Task brief. The lines to transcribe begin with the one containing "Dior Black Fabric Etoile Pumps Size" and end with the last line below; reproduce them exactly, without the pictures.

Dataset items
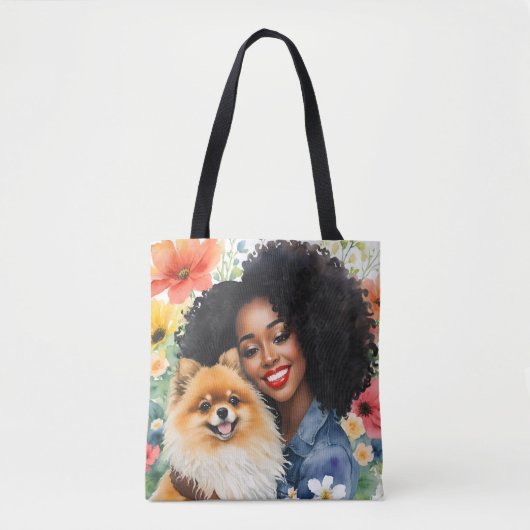  zwart meisje met pomeraanse bloemenkunst tote bag (Voorkant)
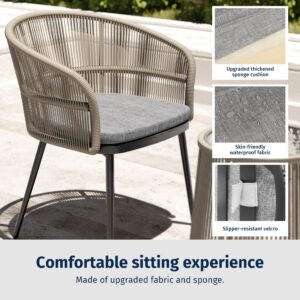 EAST OAK 3-Piece Patio Bistro Set, Patio Conversation Bistro Set with 2 Wide Ergonomic Chairs, Cushions & Glass Top Side Table, Outdoor All-Weather Wicker Furniture for Porch, Backyard, Brown & Grey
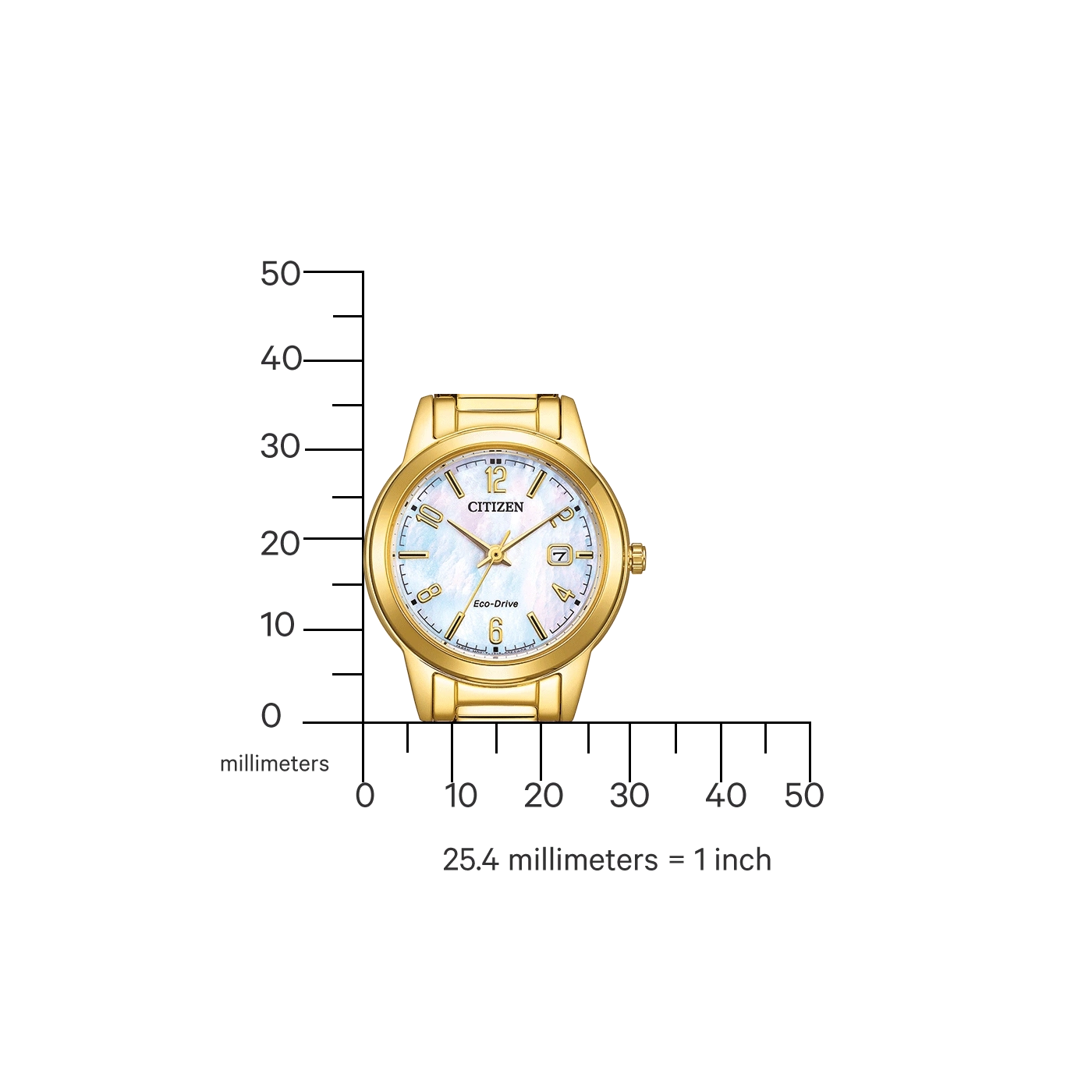 Montre Citizen dorée avec cadran nacré et échelle de mesure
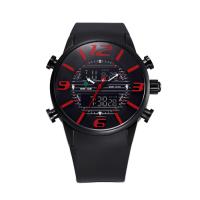 Weide® Watch Collection, Silicone, med zink legering dial & Glas, forgyldt, 30M vandtæt & justerbar & LED & for mennesket, flere farver til valg, 47x47mm, 32mm, Længde Ca. 8.6 inch, Solgt af PC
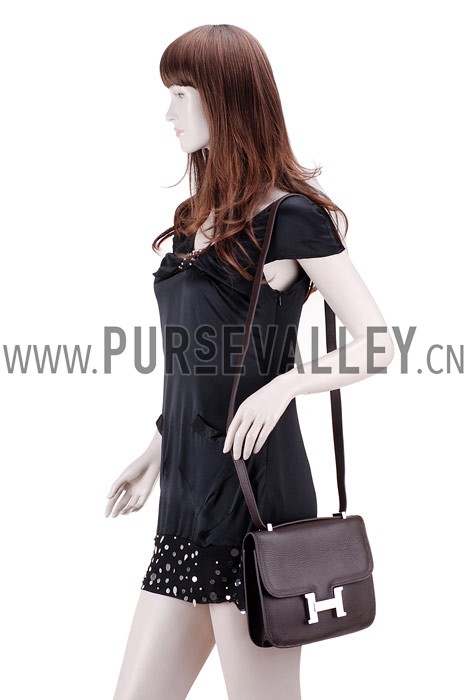 Hermes Constance Brown with Silver Buckle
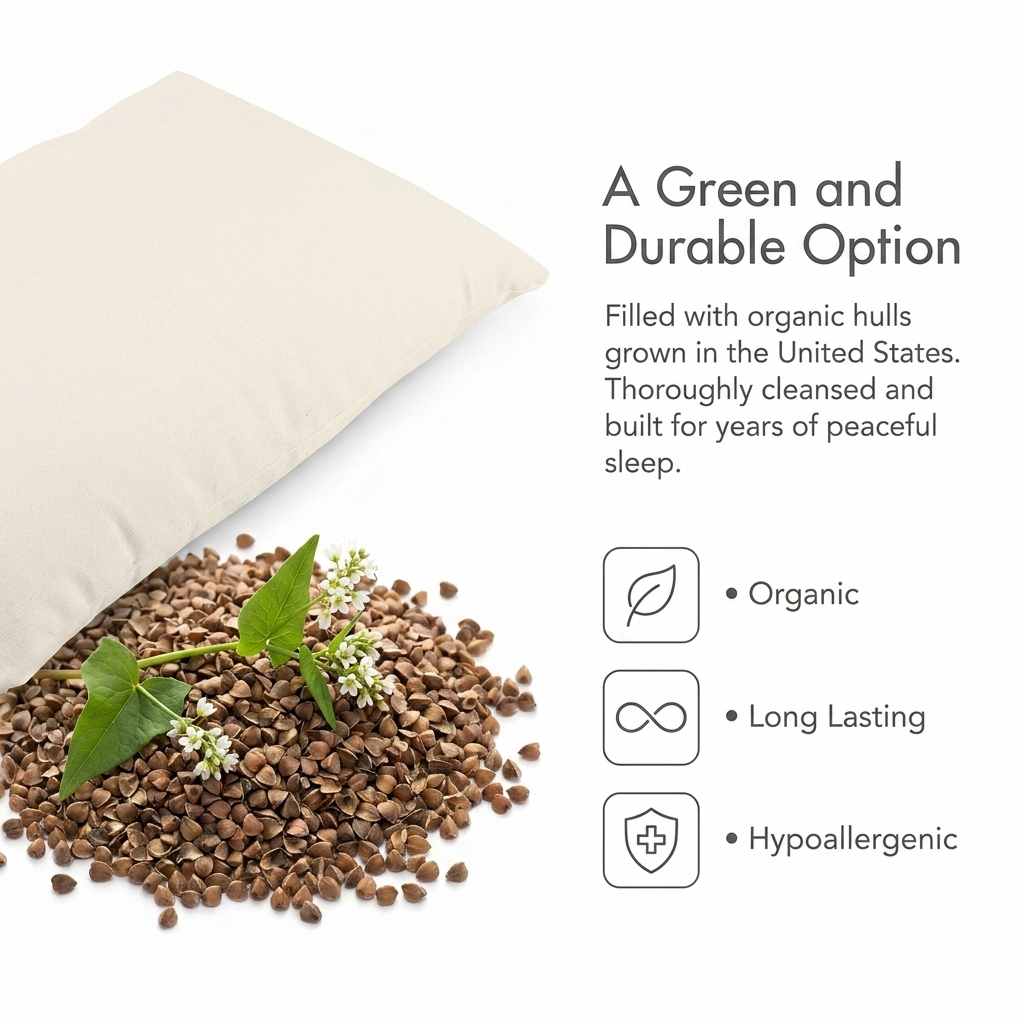 Organic Buckwheat Hull Bed Pillow - Stress And Neck Tension Relief - Bed Pillow, Cream - view 15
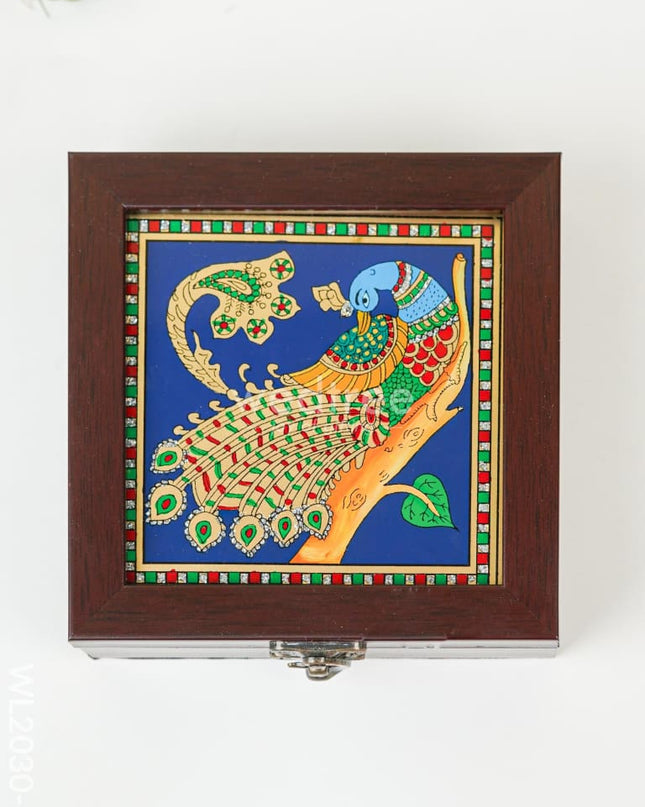 Acrylic Reverse Picture Jewellery Box - Tanjore Art Peacock1 Wl2030-4 Organizers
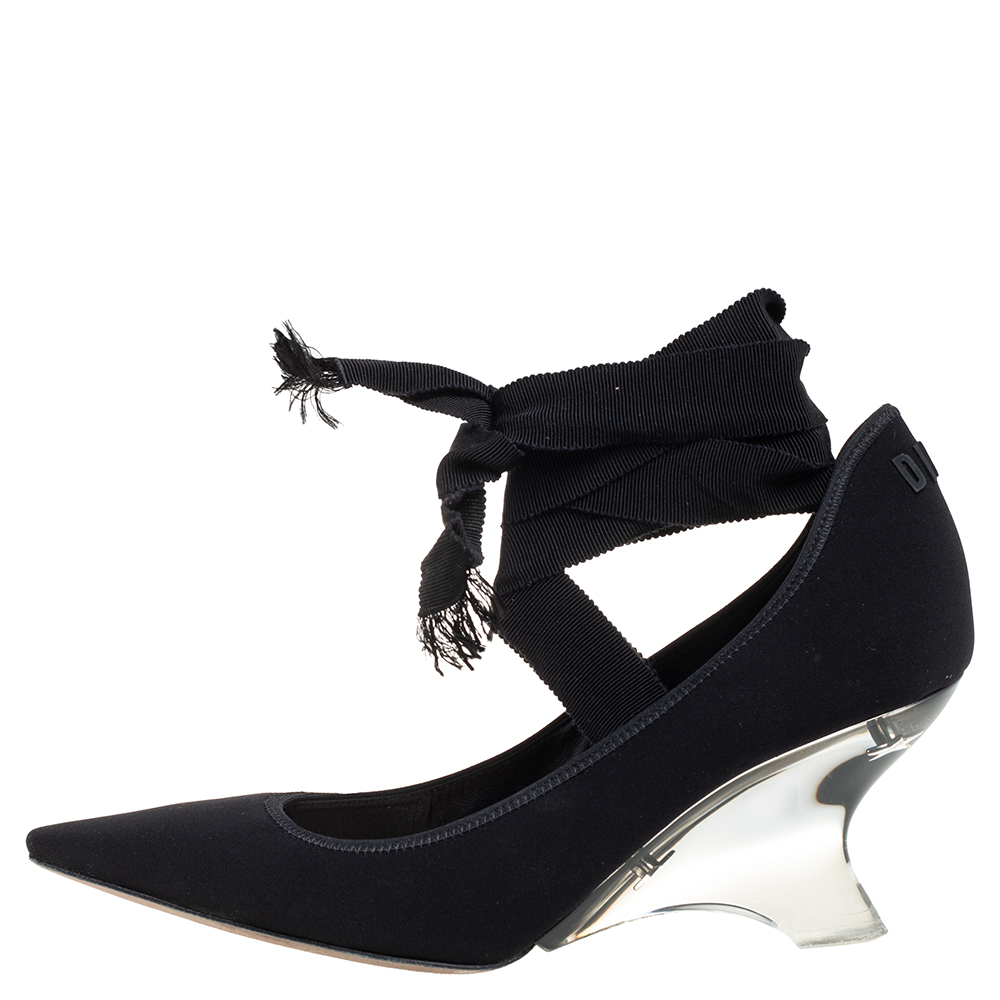 

Dior Black Fabric Etoile Pumps Size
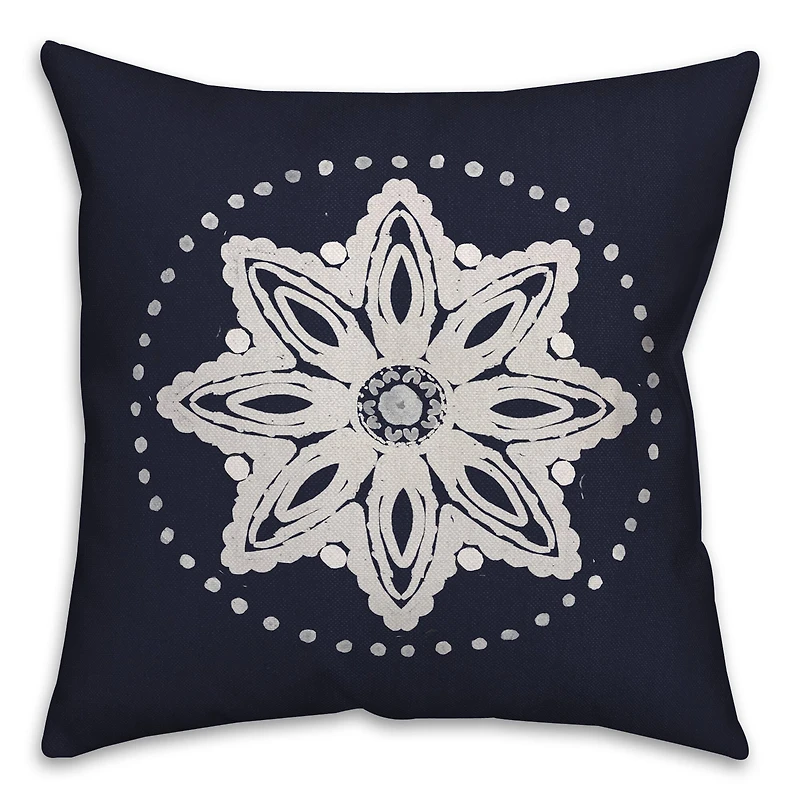 Navy Medallion 2 Throw Pillow 18" x 18"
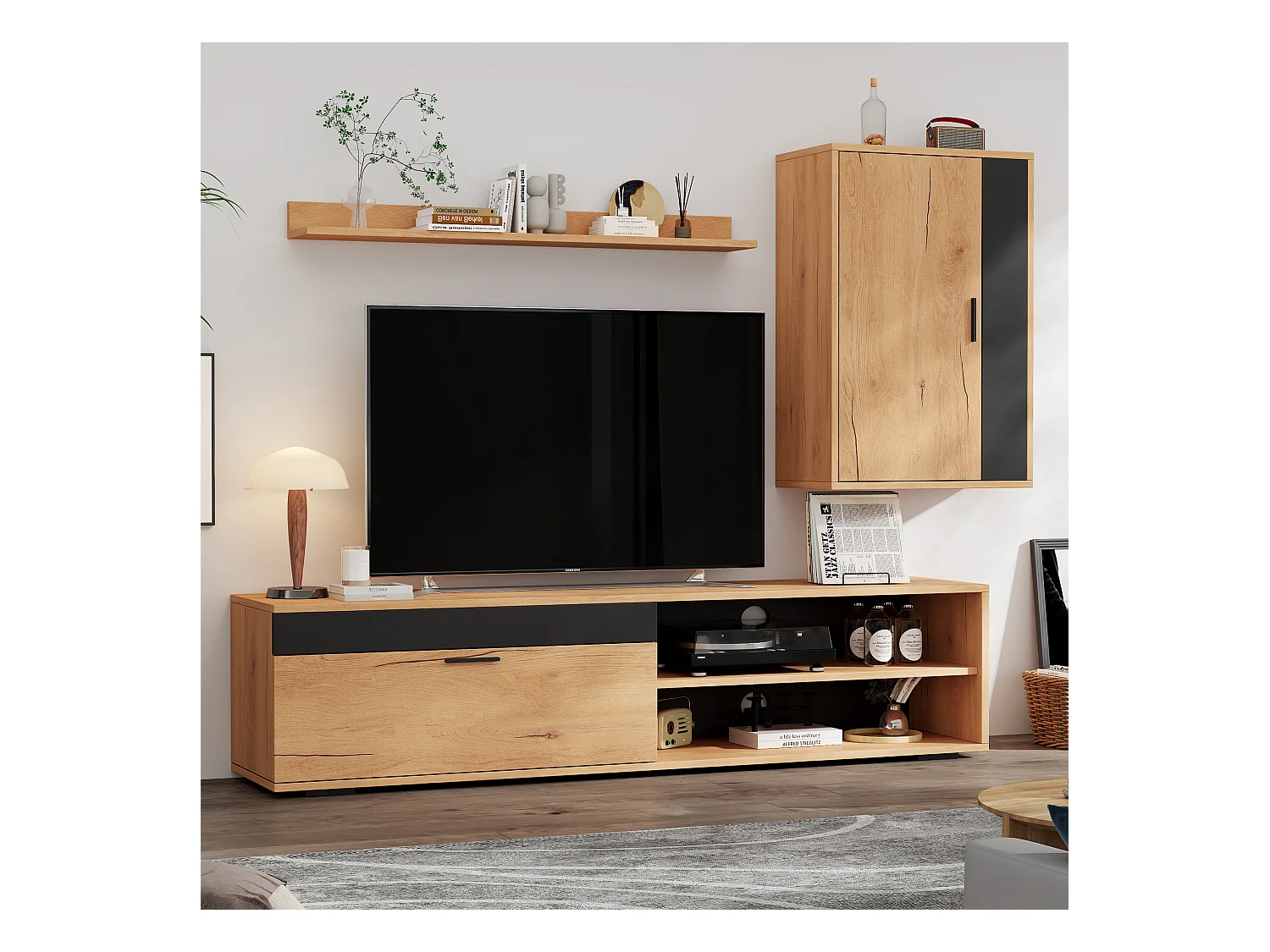 Ensemble meuble TV mural 3 pièces - Meuble TV + meuble mural + étagère - 2 portes - Panneaux de particules - Naturel + Noir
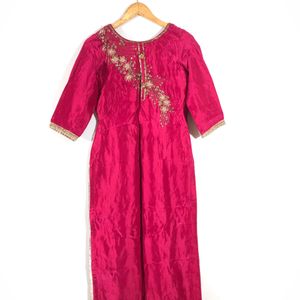 Silk Dress In Dark Rose Pink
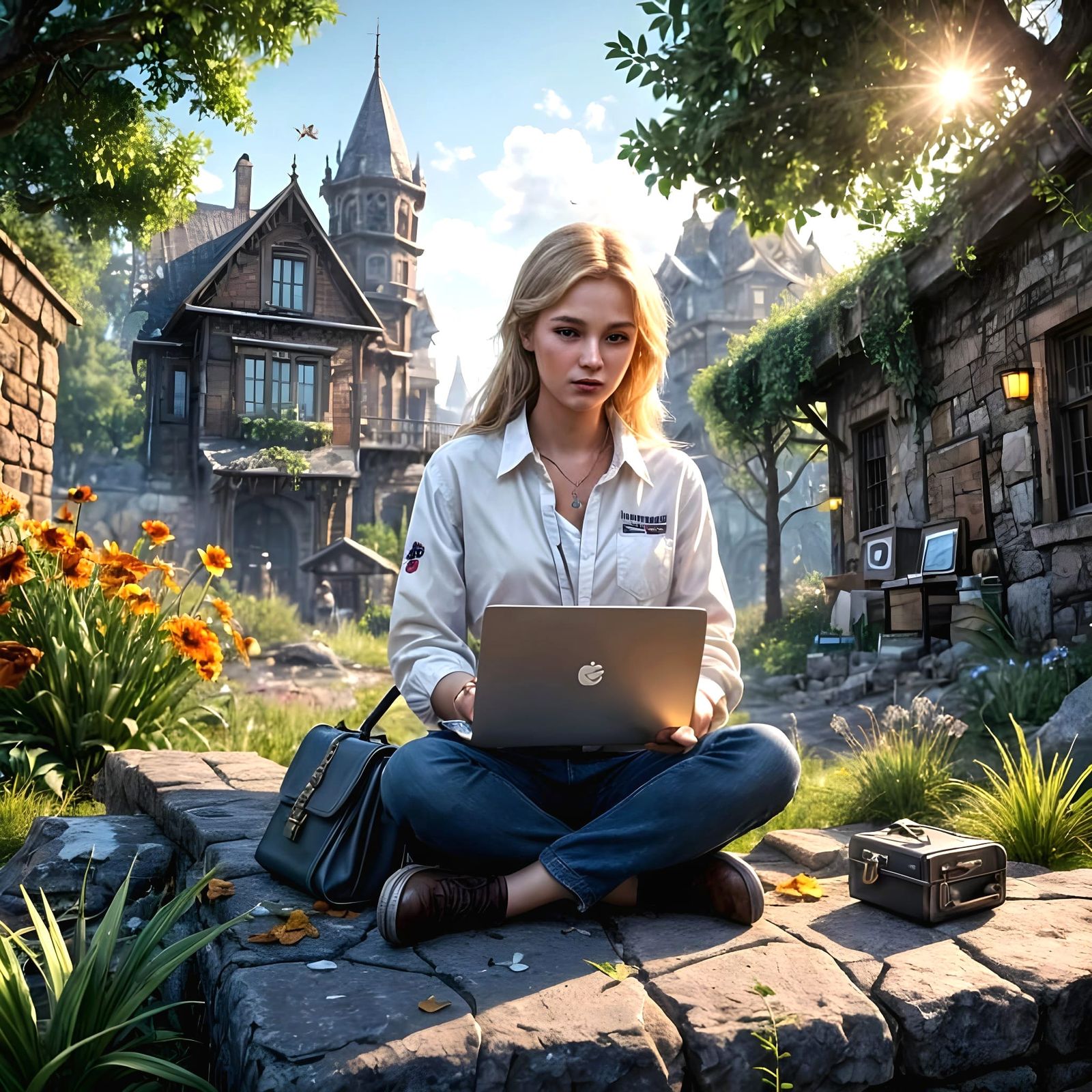 Young Scholar in a Fantastical College Setting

Response area.
Dior Black Fabric Etoile Pumps Size
 Navy Medallion 2 Throw Pillow 18" x 18"
 Ensemble meuble TV mural 3 pièces - Meuble TV + meuble mural + étagère - 2 portes - Panneaux de particules - Naturel + Noir
 Silk Dress In Dark Rose Pink
 Young Scholar in a Fantastical College Setting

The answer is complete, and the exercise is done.